Array CGH is superior to other methodologies at detecting somatic mosaicism.

Program Nr: 46 for the 2006 ASHG Annual Meeting

Array CGH is superior to other methodologies at detecting somatic mosaicism. V.R. Sutton, C. Shaw, D.A. Scott, A. Patel, S. Trilochan, A. Pursley, J. Li, P. Stankiewicz, A.C. Chinault, J.R. Lupski, A.L. Beaudet, S.W. Cheung. Molecular & Human Genetics, Baylor College of Medicine, Houston, TX.

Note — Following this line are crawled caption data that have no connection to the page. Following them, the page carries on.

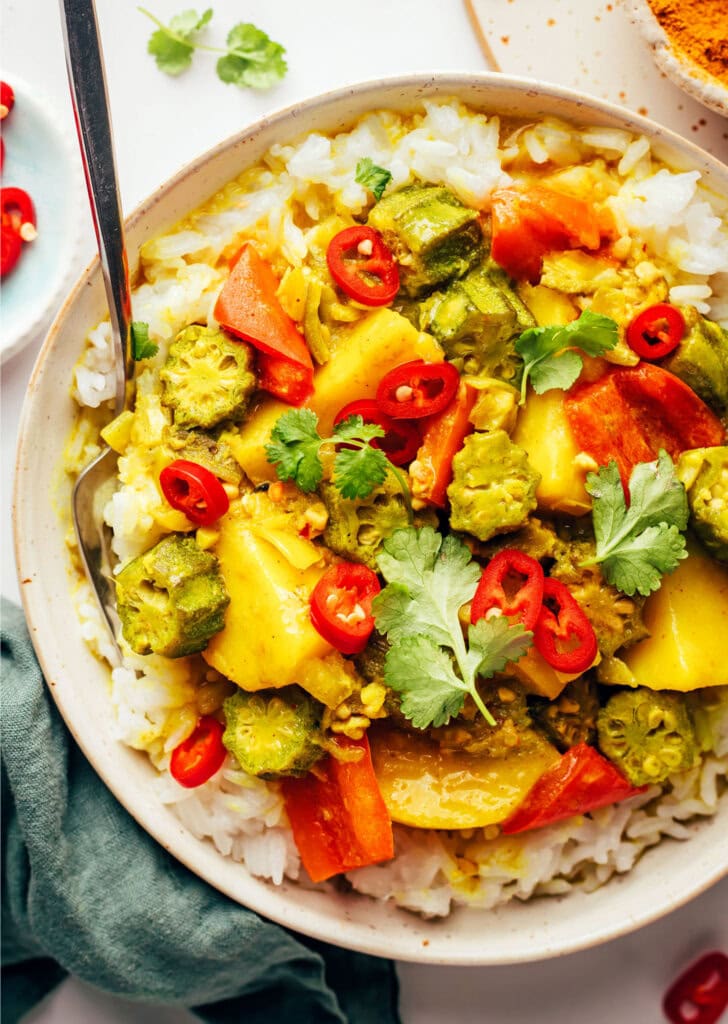 Perfect Island Slow Cooker Potato Curry Recipe over rice in bowl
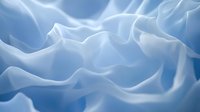 Soft light blue flowing fabric with smooth silky waves and gentle folds, creating an elegant abstract textile background for design projects.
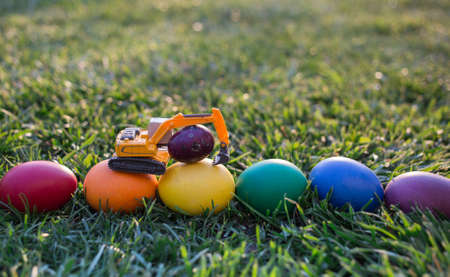 model of a toy excavator, painting in rainbow colors eggs on the grass. Business concept of Easter greetings for construction companies. postcard. copy spaceの写真素材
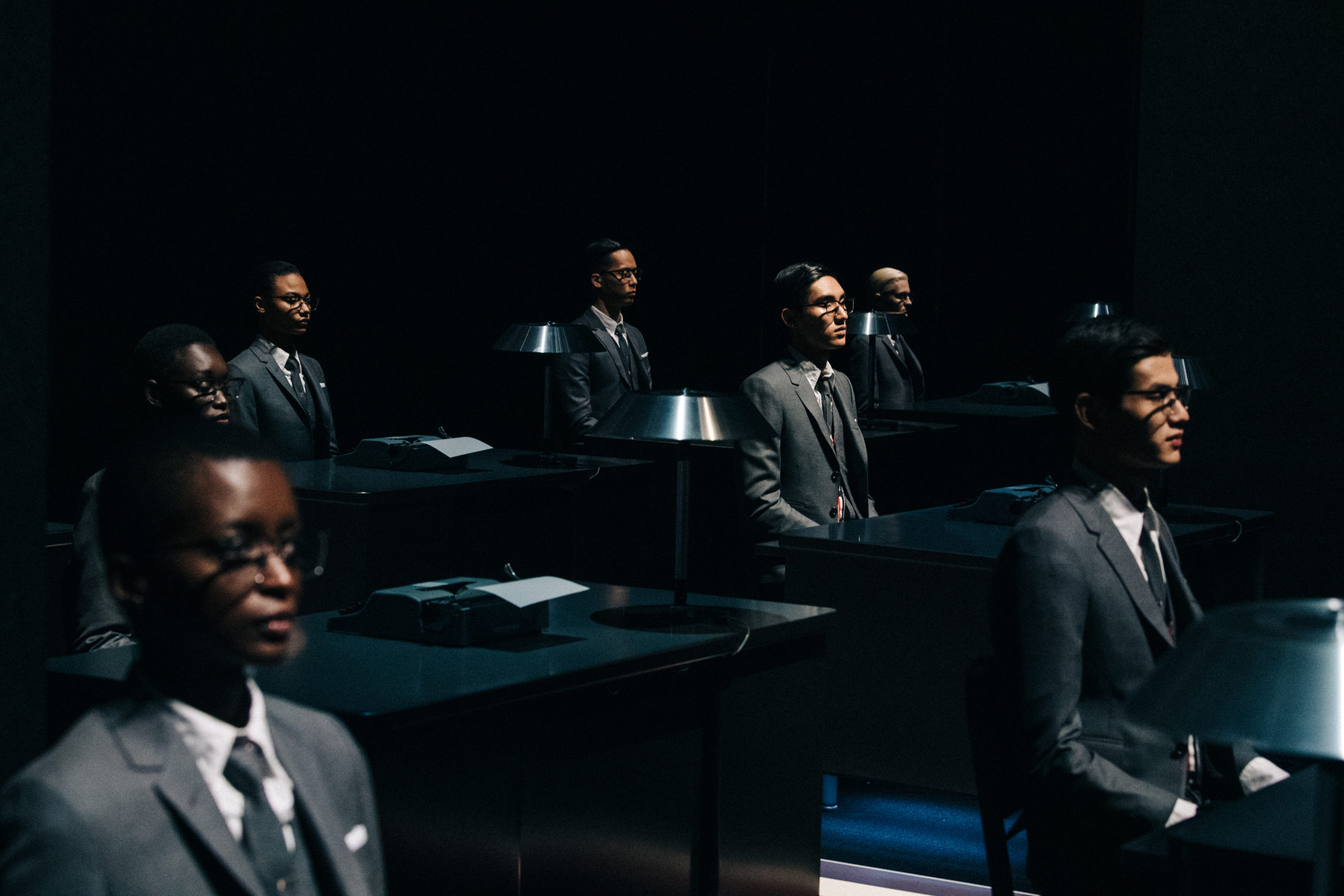 Models wearing Thom Browne suit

We have developed a targeted aCGH platform known as chromosome microarray analysis (CMA) for clinical use in our diagnostic laboratory. This platform contains bacterial artificial chromosome (BAC) clones that encompass telomeric and pericentromeric regions as well as regions of the genome involved in common microdeletion/microduplication (genomic) disorders. Therefore in a single assay, hundreds of genomic regions can be interrogated for gains or losses in copy number. We have performed CMA using the latest version of our array on 2585 samples and identified 12 cases in which the results were indicative of mosaicism. Ten had an aneuploidy, one had a ring chromosome and one had segmental aneusomy. In 11/12 cases, prior routine chromosome analysis had been normal. We therefore hypothesized that CMA may be a more sensitive method for detecting mosaicism. The presence of mosaicism in all cases was confirmed by one or more of the following methodologies: G banded chromosome analysis of stimulated T-cells or B-cells from peripheral blood or cultured skin fibroblasts; FISH analysis on stimulated T-cells or whole blood smear. Estimates of the level of mosaicism were higher for CMA compared with methodologies that use T-cells in all cases. We believe that this is due to the selection bias against aneuploid T-cells both in vivo during VDJ recombination and cellular division, and in vitro during T-cell stimulation for routine chromosome analysis and FISH. The estimates of the level of mosaicism were also higher for CMA compared with FISH of unstimulated nucleated cells from whole blood in almost all cases, likely because FISH requires that the cells are alive and aneuploid cells likely die at a faster rate than euploid cells. Thus, we assert that CMA is superior to other standard methodologies in detecting mosaicism and estimating the level of mosaicsm for both aneuploidies and other cytogenetic aberrations.